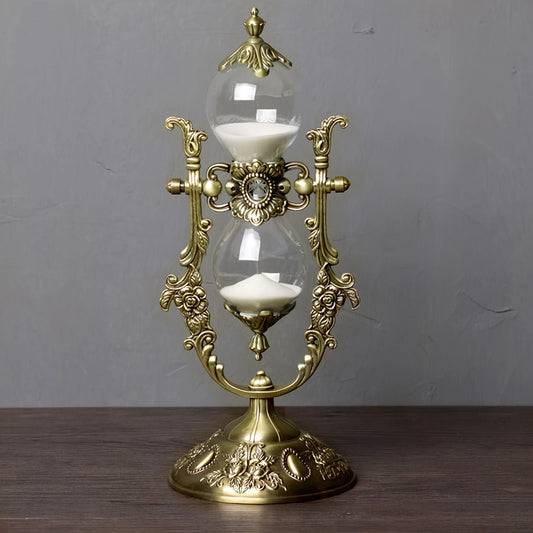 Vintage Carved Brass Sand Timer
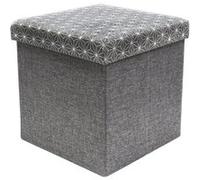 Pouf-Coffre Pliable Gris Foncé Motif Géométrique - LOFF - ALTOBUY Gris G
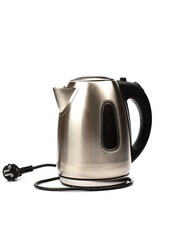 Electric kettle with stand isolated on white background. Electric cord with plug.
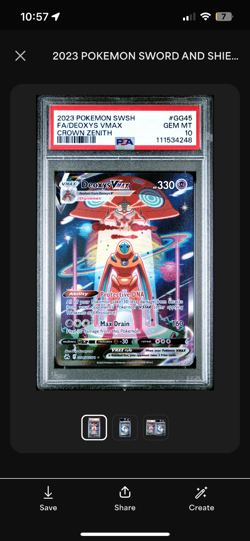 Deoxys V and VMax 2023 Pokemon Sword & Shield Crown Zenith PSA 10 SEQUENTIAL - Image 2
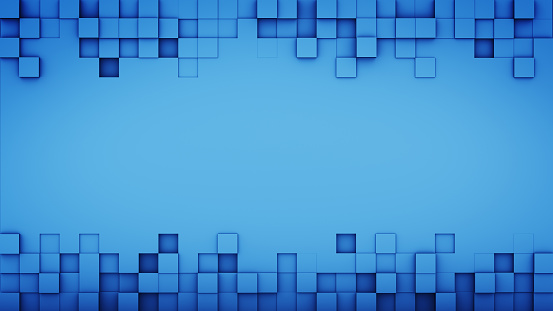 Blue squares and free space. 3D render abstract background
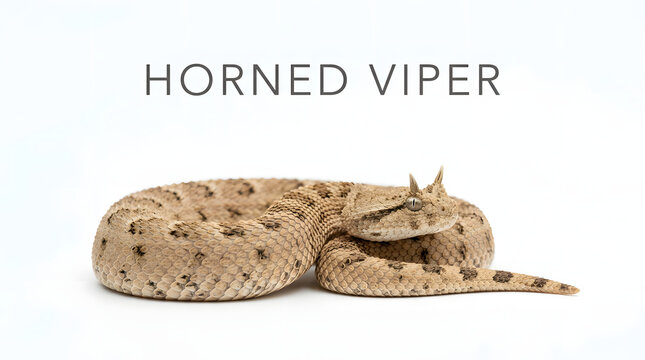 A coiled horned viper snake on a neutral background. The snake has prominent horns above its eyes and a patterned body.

....

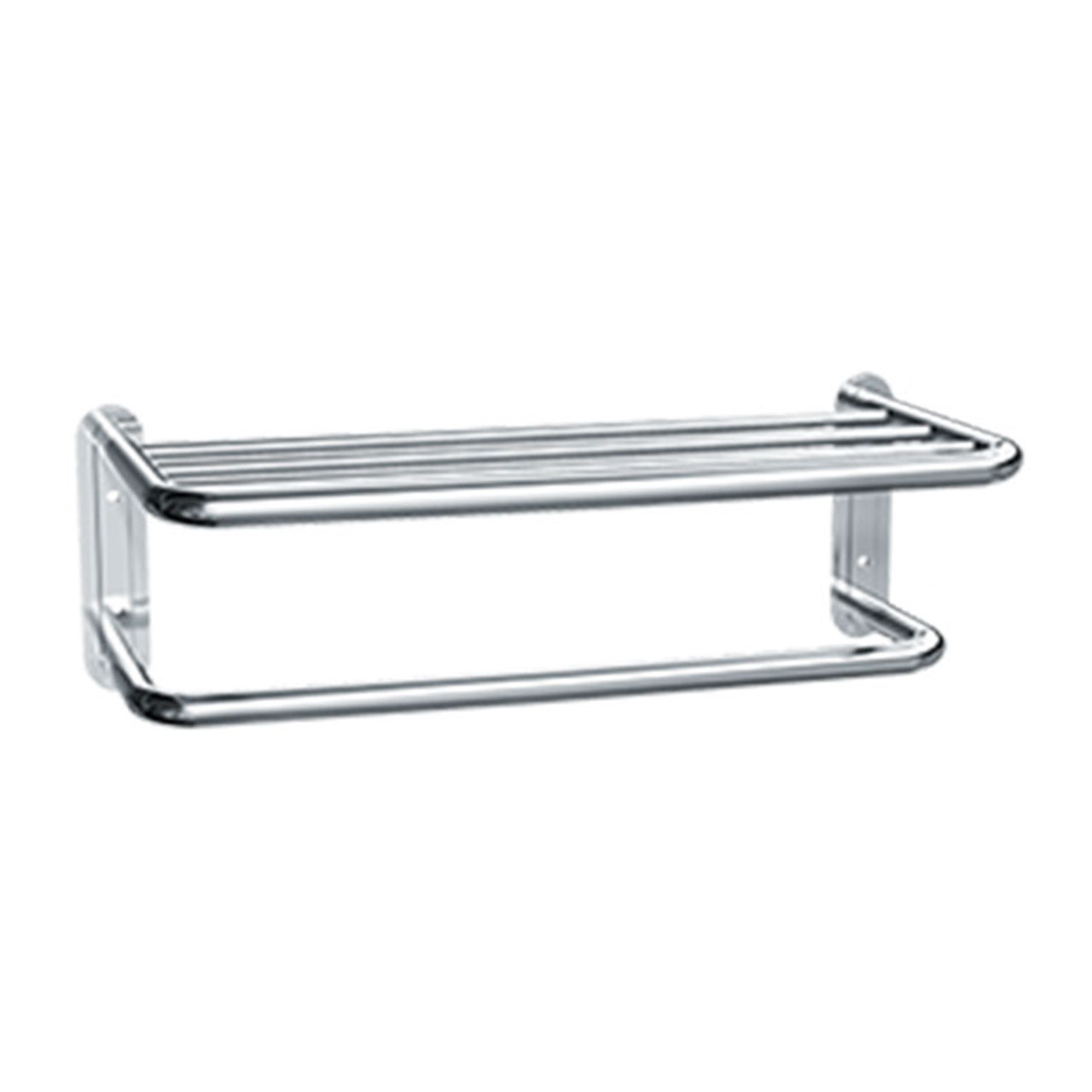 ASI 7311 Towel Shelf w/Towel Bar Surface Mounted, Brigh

....

Task: Leave out every picture, and copy exactly the lines above starting at the one holding "Vintage Carved Brass Sand Timer" and ending at the one holding "Blue squares and", no more and no less.

Your response:
 Vintage Carved Brass Sand Timer
 Pouf-Coffre Pliable Gris Foncé Motif Géométrique - LOFF - ALTOBUY Gris G
 Electric kettle with stand isolated on white background. Electric cord with plug.
 Deoxys V and VMax 2023 Pokemon Sword & Shield Crown Zenith PSA 10 SEQUENTIAL - Image 2
 Blue squares and free space. 3D render abstract background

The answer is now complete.